Outro exemplo de país mais desenvolvido no tema é o da França, na qual, para ingressar na carreira de investigação criminal da Gendarmeria, não é necessário diploma em Direito, como se vê da divulgação da seleção para seu concurso (“Concours SOG – session mars 2015”). No principal órgão de apoio às autoridades judiciárias (que lá são juízes e procuradores da República), a Polícia Nacional (Police Nationale), as duas carreiras de comando (comissário de polícia e oficial de polícia, esta voltada à investigação criminal), não exigem diploma de Direito para o acesso (vide as condições de acesso para commissaire de police e para officier de police). A Polícia Nacional e a Gendarmeria promovem concursos internos para progressão na carreira policial.
A título de conclusões
A Medida Provisória 657/2014 afeta o sistema criminal, na medida em que alimenta um de seus defeitos, ou seja, o modelo de inquérito policial formalista e bacharelesco. Essa medida provisória estimula delegados burocratas e formalistas, em vez de investigadores operacionais e multidisciplinares.

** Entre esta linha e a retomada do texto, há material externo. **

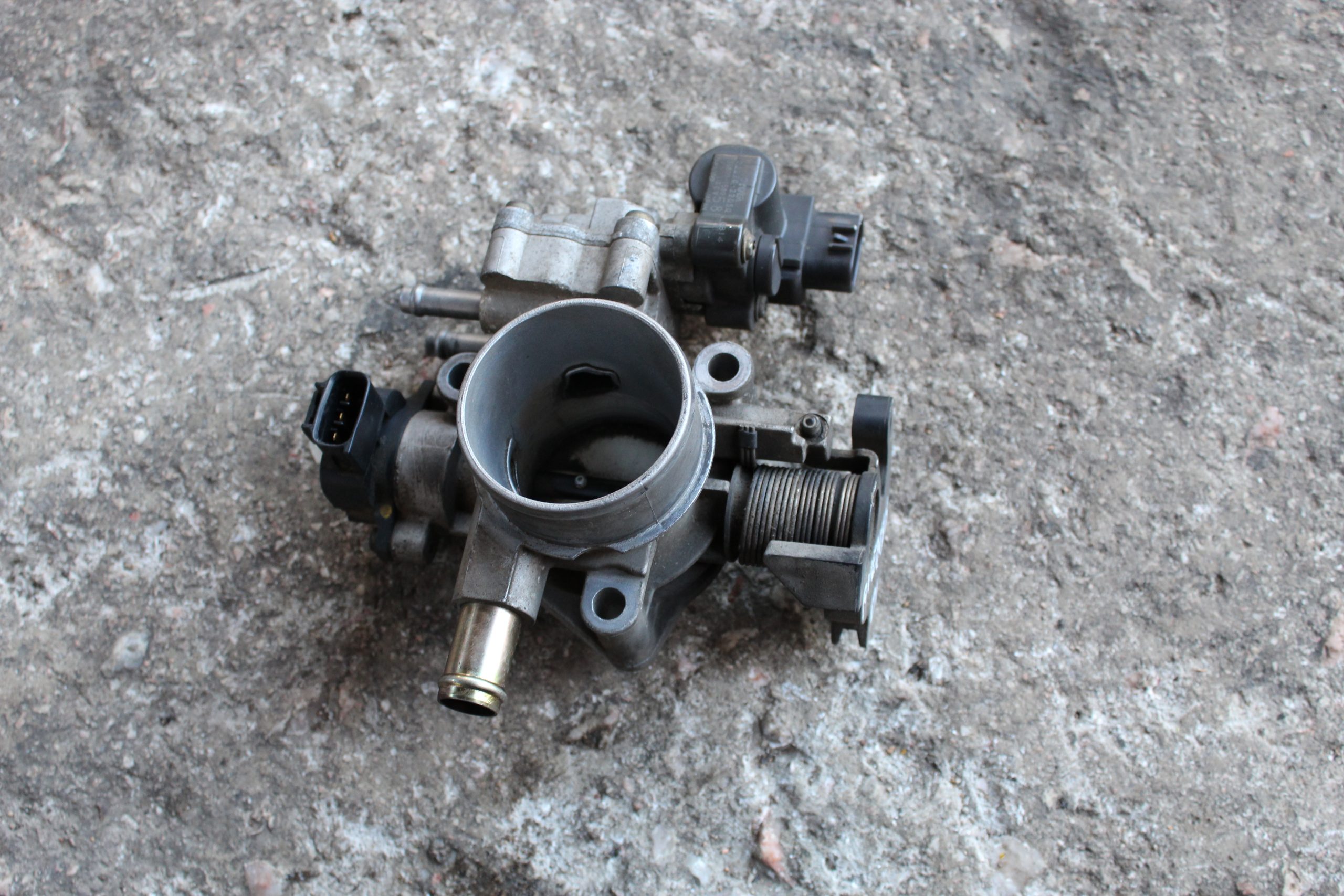 Πεταλούδα Γκαζιού Toyota Avensis ’01 Προσφορά.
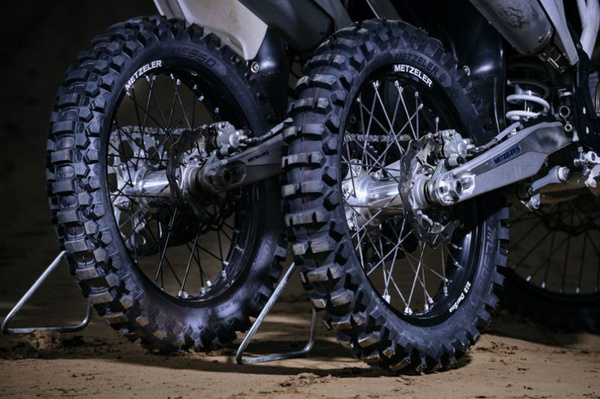 Metzeler MC360 Mid Soft 140/80-18 70M TT DOT1022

Com ela, um analista de sistemas especialista em crime cibernético nunca poderá comandar investigação desses fatos; um contador nunca poderá comandar investigação de desvio de recursos públicos; um engenheiro ambiental não poderá liderar investigação de crimes ambientais. Profissionais especializados nos fatos sob investigação precisarão receber intermediação de delegados formados em Direito.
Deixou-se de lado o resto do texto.